#### THE DATA:

╔══

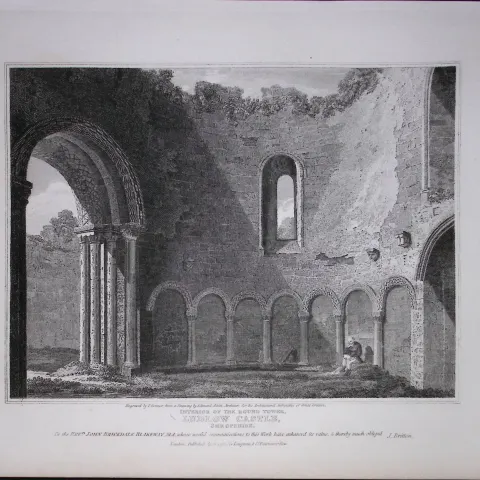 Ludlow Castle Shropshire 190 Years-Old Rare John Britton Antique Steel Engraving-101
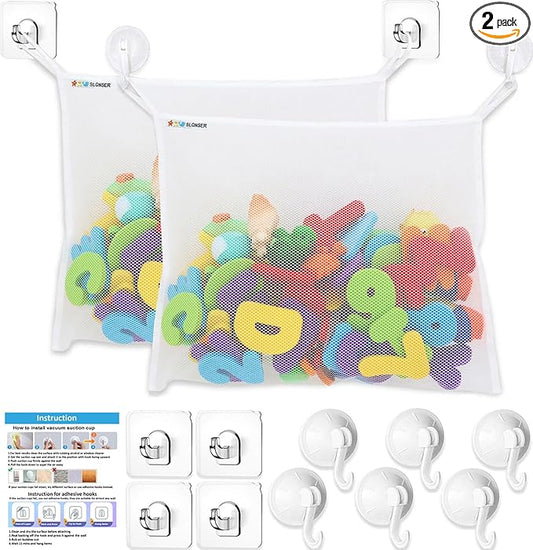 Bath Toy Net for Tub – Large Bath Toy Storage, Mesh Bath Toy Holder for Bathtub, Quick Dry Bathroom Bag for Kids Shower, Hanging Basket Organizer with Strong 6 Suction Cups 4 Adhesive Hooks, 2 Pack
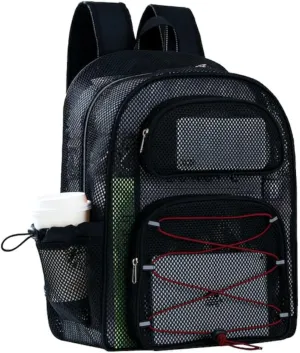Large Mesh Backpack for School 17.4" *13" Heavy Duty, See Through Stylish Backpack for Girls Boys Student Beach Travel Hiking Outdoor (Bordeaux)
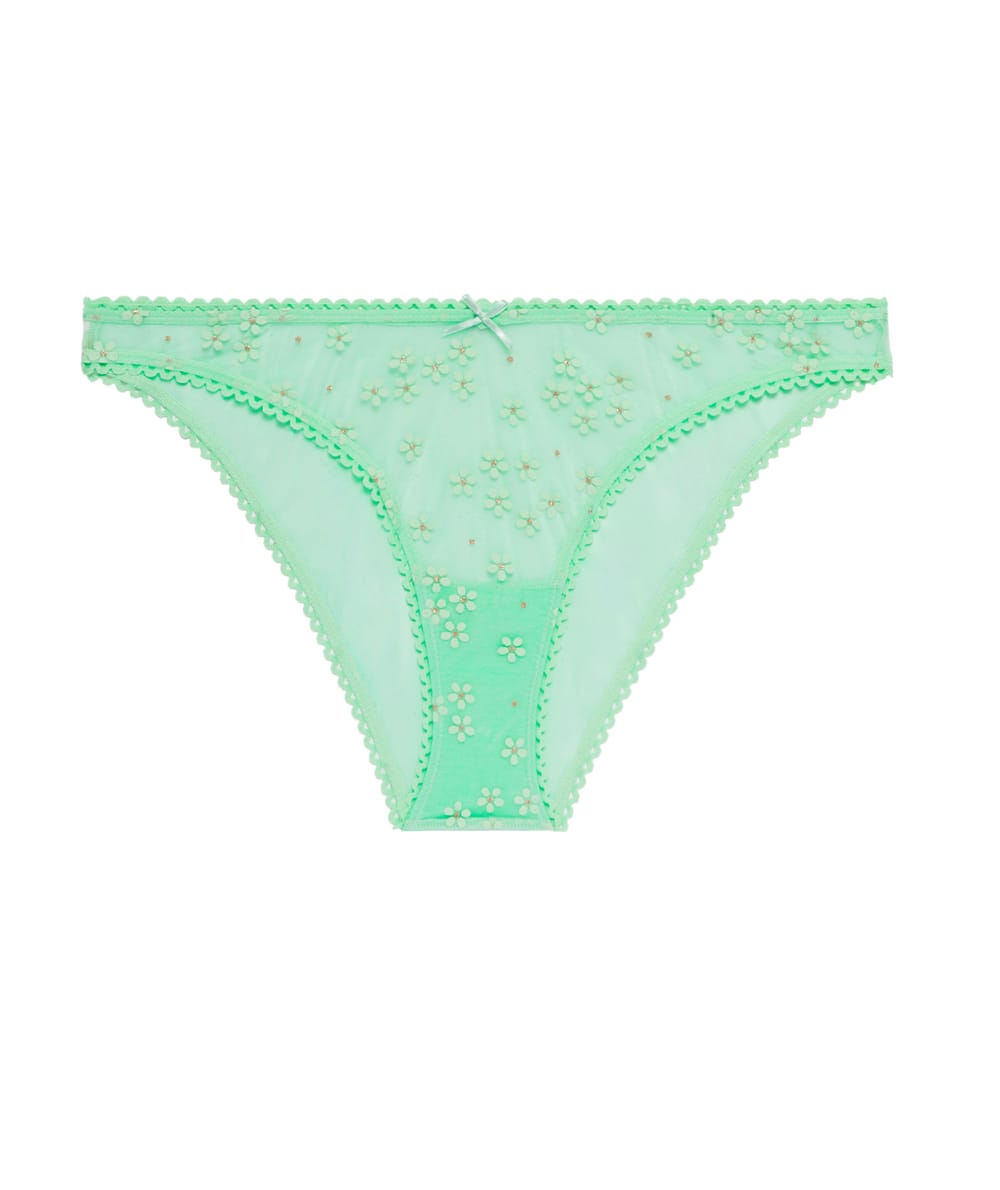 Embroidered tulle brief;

╚══
╔══

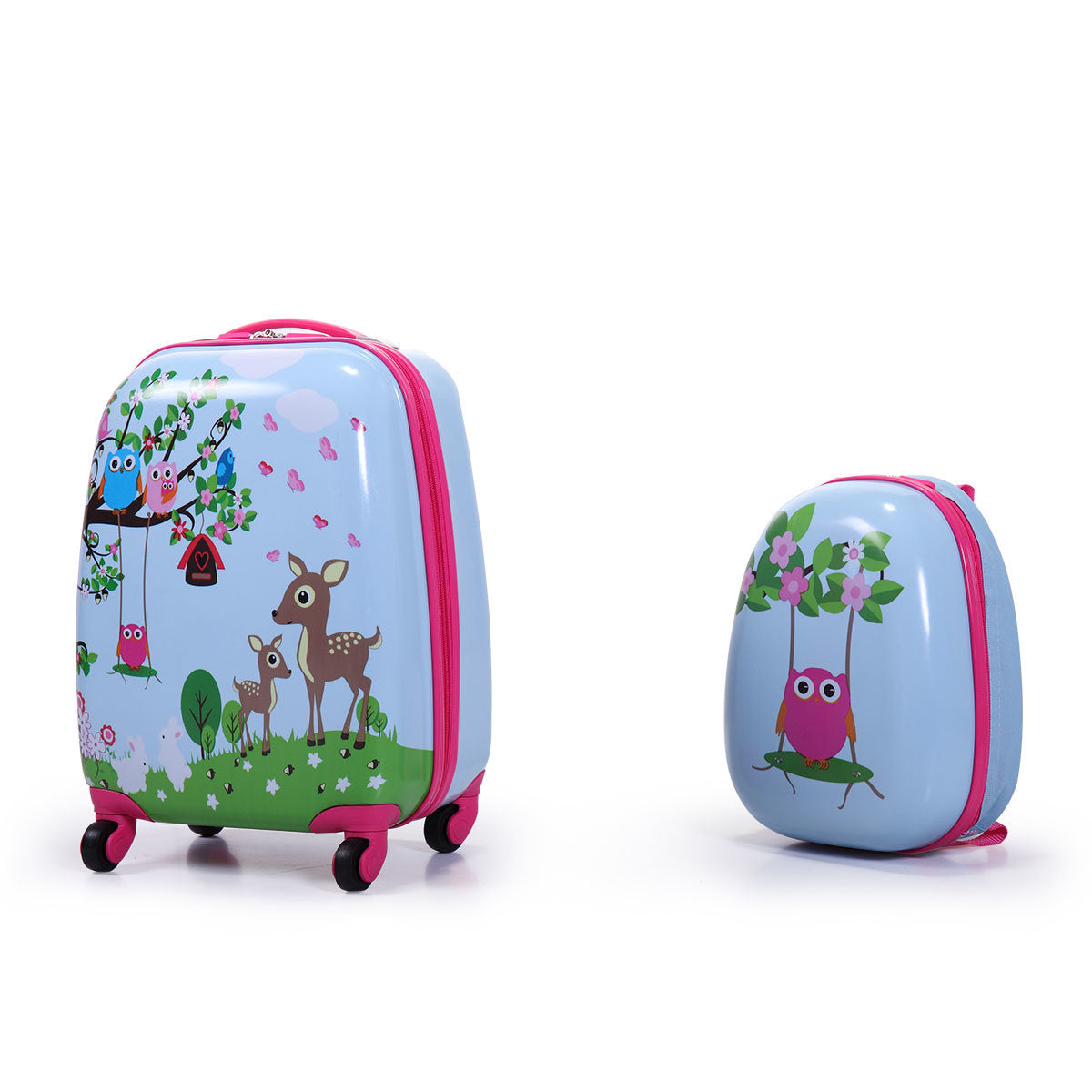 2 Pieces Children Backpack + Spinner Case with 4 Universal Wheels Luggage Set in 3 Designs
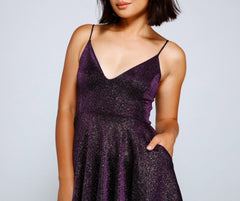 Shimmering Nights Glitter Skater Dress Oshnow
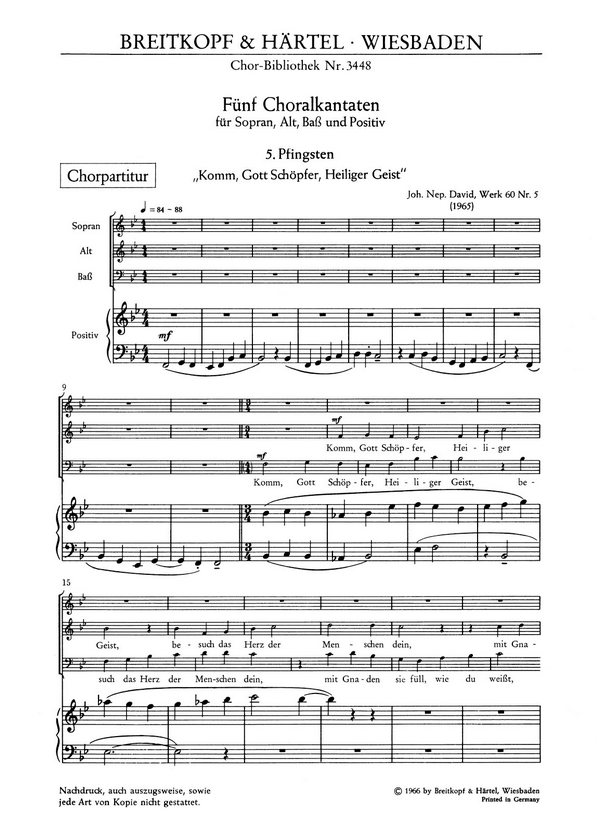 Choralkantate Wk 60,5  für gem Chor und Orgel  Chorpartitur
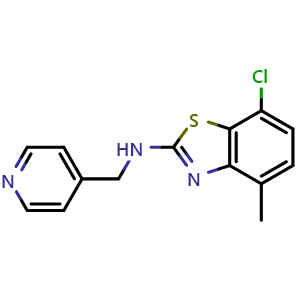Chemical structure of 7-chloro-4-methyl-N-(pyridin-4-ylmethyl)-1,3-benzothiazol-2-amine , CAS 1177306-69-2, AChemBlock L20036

╚══

#### INSTRUCTIONS TO FOLLOW:
From the material above, reproduce only what runs from the line holding "Ludlow Castle Shropshire" down to the line holding "Embroidered tulle brief;", both included, pictures excluded.

#### EXERCISE OUTPUT:
 Ludlow Castle Shropshire 190 Years-Old Rare John Britton Antique Steel Engraving-101
 Bath Toy Net for Tub – Large Bath Toy Storage, Mesh Bath Toy Holder for Bathtub, Quick Dry Bathroom Bag for Kids Shower, Hanging Basket Organizer with Strong 6 Suction Cups 4 Adhesive Hooks, 2 Pack
Large Mesh Backpack for School 17.4" *13" Heavy Duty, See Through Stylish Backpack for Girls Boys Student Beach Travel Hiking Outdoor (Bordeaux)
 Embroidered tulle brief;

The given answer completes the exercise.